*** Block opens ***

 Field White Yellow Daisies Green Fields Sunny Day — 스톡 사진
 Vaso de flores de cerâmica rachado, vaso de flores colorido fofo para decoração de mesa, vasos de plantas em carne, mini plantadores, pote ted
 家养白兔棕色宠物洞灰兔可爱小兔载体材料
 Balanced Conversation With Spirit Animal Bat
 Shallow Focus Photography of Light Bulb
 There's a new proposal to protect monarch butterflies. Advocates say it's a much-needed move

*** Block closes ***
*** Block opens ***

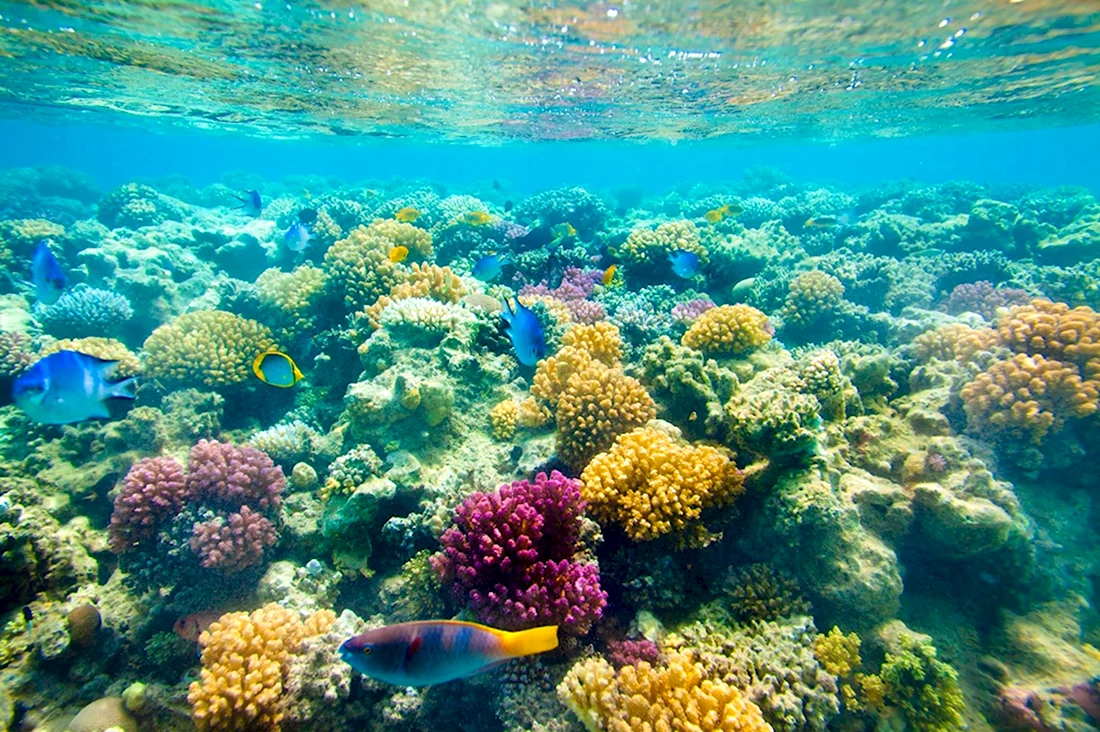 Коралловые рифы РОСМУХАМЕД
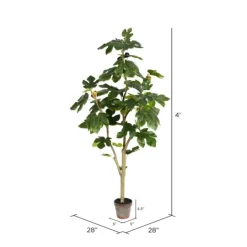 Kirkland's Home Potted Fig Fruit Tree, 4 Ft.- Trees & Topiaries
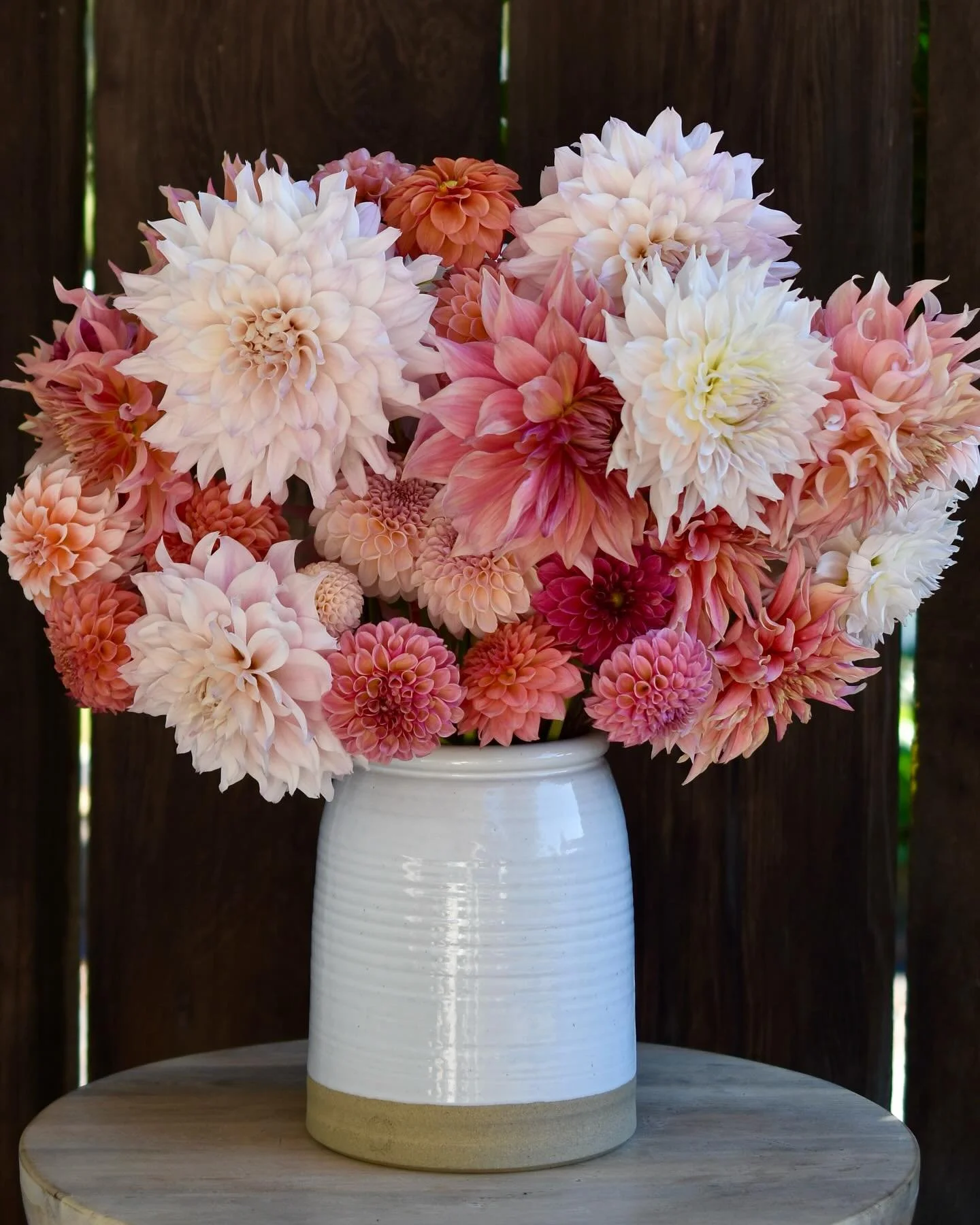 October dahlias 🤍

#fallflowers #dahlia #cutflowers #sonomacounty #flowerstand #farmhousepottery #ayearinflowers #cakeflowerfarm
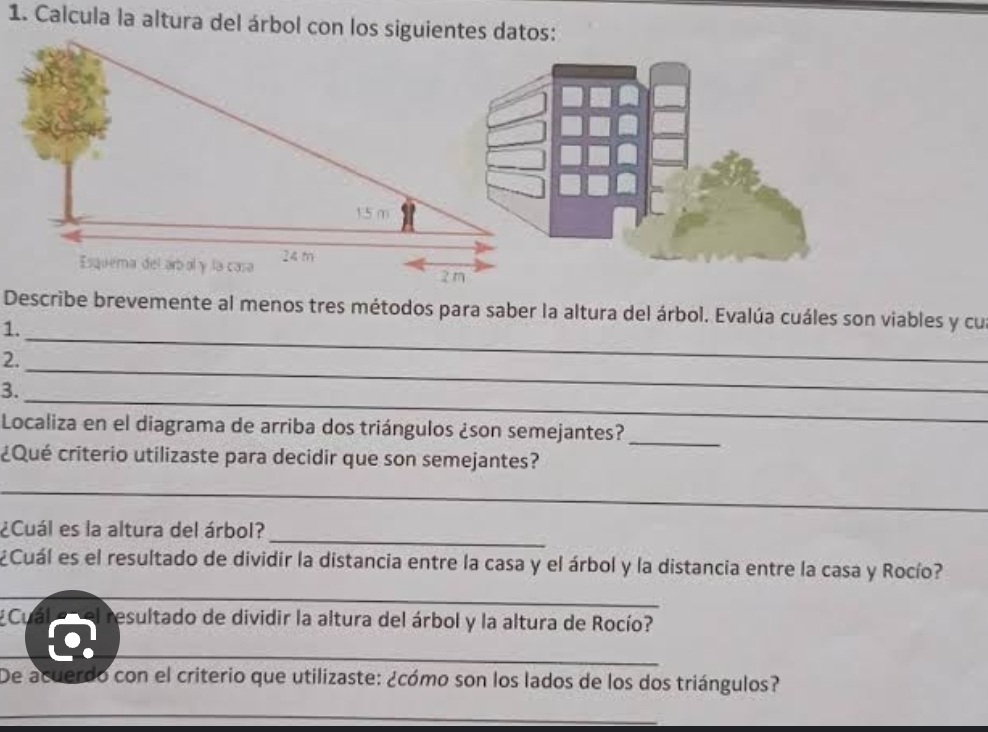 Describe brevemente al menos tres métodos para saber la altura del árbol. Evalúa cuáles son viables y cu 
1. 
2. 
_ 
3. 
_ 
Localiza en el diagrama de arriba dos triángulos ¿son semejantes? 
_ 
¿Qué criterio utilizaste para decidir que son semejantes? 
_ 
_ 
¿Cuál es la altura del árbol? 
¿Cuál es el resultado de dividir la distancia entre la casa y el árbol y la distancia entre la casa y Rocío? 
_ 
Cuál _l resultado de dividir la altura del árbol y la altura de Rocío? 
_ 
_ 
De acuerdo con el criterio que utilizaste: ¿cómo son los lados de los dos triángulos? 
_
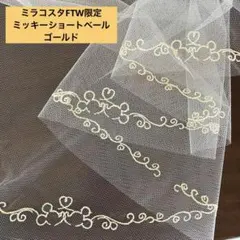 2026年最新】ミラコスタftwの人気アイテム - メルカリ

*** Block closes ***

ACTION ITEM —
Please work out how many lines above carry "triángulos", writing only the result.

SOLUTION TO THE EXERCISE —
2